Q. I have been diagnosed with Meniere’s disease. This causes dizzy spells that come out of nowhere and are totally disabling. They last from 30 minutes to 4 hours.
I saw a specialist who prescribed a diuretic. Unfortunately, the medication itself makes me feel rather dizzy. I tried reducing the dose to half a tablet, but the next day I had two episodes, one complete with nausea and vomiting.
I tried taking it at bedtime and that was better, but still very uncomfortable. At this point I’m afraid to drive. When I go out I have to hold onto my husband’s arm due to the lightheadedness from the medication. Any suggestions you may have would be most appreciated.

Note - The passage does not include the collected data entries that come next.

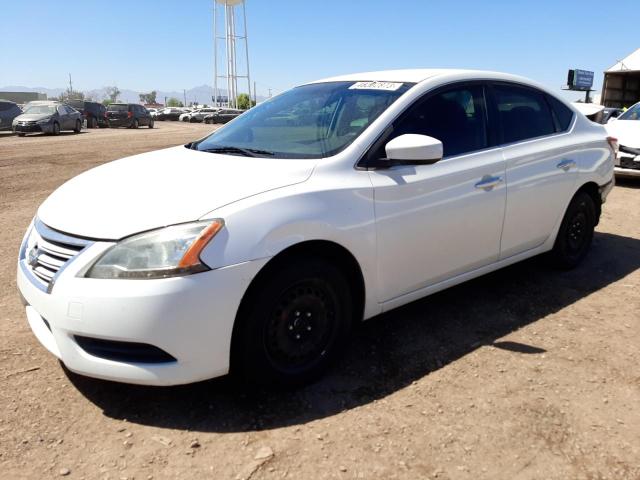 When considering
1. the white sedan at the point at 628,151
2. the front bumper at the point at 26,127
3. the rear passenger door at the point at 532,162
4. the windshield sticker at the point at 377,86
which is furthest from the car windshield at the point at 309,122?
the front bumper at the point at 26,127

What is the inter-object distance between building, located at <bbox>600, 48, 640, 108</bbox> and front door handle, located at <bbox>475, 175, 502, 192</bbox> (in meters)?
40.8

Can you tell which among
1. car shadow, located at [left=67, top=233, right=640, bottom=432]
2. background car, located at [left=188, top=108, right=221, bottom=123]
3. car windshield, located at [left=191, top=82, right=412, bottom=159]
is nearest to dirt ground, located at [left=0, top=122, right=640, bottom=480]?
car shadow, located at [left=67, top=233, right=640, bottom=432]

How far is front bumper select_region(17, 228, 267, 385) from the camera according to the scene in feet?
7.63

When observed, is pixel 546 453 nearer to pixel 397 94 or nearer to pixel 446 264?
pixel 446 264

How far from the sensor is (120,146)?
53.8 feet

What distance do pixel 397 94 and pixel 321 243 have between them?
1141mm

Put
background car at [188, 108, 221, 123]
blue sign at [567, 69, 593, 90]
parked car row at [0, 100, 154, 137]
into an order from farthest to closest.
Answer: blue sign at [567, 69, 593, 90] → background car at [188, 108, 221, 123] → parked car row at [0, 100, 154, 137]

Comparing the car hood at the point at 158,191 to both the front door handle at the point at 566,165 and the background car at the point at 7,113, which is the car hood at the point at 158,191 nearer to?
the front door handle at the point at 566,165

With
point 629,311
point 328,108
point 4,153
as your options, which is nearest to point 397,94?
point 328,108

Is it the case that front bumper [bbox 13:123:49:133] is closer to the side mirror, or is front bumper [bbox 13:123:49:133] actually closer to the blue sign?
the side mirror

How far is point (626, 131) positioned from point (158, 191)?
8571mm

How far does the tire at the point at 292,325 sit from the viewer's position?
101 inches

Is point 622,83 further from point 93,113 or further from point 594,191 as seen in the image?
point 594,191

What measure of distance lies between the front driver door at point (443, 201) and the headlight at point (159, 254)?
104 cm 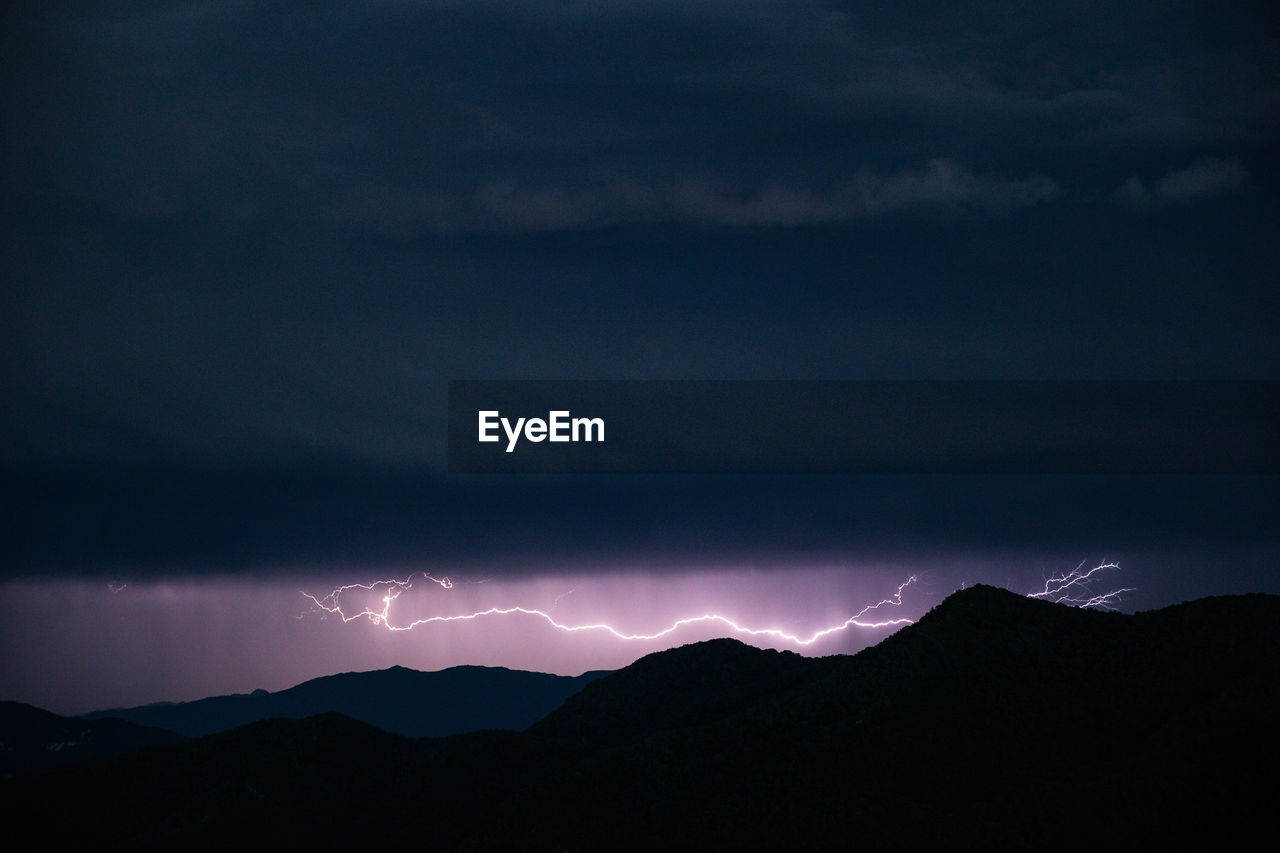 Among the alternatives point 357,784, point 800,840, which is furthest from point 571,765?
point 800,840

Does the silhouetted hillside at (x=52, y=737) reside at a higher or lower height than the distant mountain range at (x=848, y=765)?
lower

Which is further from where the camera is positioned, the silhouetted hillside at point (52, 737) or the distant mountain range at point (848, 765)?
the silhouetted hillside at point (52, 737)

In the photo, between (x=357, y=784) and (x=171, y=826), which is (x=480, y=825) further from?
(x=171, y=826)

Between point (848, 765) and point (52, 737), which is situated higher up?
point (848, 765)

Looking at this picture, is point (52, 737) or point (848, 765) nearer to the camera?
point (848, 765) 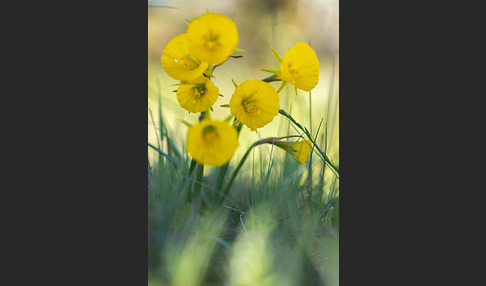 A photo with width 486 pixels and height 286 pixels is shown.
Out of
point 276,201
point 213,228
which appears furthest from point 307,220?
point 213,228

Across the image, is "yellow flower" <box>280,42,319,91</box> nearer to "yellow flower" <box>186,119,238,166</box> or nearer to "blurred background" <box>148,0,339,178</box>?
"blurred background" <box>148,0,339,178</box>

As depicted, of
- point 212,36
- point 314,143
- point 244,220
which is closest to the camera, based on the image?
point 212,36

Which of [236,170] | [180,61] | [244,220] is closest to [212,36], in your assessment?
[180,61]

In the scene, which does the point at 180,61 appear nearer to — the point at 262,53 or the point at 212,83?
the point at 212,83

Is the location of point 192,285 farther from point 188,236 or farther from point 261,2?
point 261,2

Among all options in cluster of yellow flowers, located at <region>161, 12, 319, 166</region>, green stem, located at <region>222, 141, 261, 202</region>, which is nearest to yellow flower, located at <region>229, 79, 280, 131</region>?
cluster of yellow flowers, located at <region>161, 12, 319, 166</region>

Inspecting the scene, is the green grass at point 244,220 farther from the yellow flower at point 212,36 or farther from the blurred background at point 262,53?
the yellow flower at point 212,36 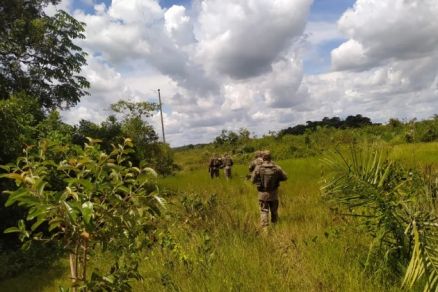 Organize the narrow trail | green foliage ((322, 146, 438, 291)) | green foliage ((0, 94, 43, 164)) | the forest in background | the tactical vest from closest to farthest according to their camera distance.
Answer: the forest in background
green foliage ((322, 146, 438, 291))
the narrow trail
the tactical vest
green foliage ((0, 94, 43, 164))

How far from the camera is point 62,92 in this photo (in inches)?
746

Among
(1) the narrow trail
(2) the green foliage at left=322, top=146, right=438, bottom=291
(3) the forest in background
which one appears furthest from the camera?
(1) the narrow trail

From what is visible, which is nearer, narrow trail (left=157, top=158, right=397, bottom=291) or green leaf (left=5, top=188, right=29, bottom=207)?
green leaf (left=5, top=188, right=29, bottom=207)

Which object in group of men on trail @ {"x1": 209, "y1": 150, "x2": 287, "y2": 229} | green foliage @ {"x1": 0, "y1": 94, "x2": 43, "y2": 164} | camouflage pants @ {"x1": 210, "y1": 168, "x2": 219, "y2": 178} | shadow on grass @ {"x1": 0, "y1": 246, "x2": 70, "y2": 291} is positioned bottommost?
shadow on grass @ {"x1": 0, "y1": 246, "x2": 70, "y2": 291}

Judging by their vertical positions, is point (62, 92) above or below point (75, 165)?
above

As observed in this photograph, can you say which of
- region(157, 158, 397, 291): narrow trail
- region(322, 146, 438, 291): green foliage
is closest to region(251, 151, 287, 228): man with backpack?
region(157, 158, 397, 291): narrow trail

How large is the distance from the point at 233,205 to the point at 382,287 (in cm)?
865

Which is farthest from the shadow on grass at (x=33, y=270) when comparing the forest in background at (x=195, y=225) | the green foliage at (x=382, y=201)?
the green foliage at (x=382, y=201)

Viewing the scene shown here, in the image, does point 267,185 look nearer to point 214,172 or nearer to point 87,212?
point 87,212

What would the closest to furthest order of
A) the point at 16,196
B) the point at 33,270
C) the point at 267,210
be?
the point at 16,196, the point at 267,210, the point at 33,270

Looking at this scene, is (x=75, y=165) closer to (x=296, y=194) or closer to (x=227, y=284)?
(x=227, y=284)

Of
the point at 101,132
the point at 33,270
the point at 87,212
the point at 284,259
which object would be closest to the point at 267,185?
the point at 284,259

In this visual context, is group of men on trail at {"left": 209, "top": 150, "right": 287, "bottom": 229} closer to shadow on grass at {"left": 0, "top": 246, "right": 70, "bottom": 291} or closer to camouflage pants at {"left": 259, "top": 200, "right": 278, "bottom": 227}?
camouflage pants at {"left": 259, "top": 200, "right": 278, "bottom": 227}

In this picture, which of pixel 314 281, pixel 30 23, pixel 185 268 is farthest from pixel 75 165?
pixel 30 23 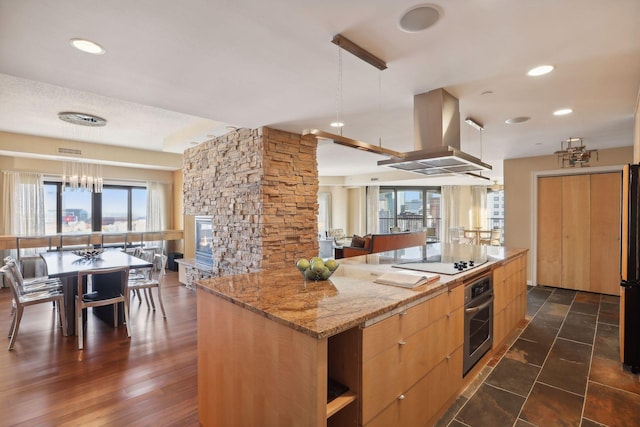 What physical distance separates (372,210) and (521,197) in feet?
17.8

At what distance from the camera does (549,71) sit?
7.59ft

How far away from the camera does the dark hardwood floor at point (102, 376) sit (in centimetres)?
208

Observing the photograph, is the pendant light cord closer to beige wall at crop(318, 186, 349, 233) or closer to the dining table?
the dining table

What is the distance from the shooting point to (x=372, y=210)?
35.5ft

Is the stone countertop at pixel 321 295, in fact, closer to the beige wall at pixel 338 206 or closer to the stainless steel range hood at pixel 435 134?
the stainless steel range hood at pixel 435 134

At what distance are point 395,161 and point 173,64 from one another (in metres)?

A. Ear specialists believe that Meniere’s disease is caused by an imbalance in the fluid of the inner ear. Symptoms include episodes of spinning dizziness lasting longer than 15 minutes accompanied by decreased hearing, pressure and ringing in the ear. Such attacks come and go.
Treatment usually involves a low-salt diet and the diuretic Dyazide (triamterene plus hydrochlorothiazide). Ask your physician if an even lower dose might be worth trying.
When this approach is not helpful, some specialists recommend corticosteroids. They can be given orally or injected through the eardrum. When all else fails, there is a surgical procedure that may help eliminate the condition.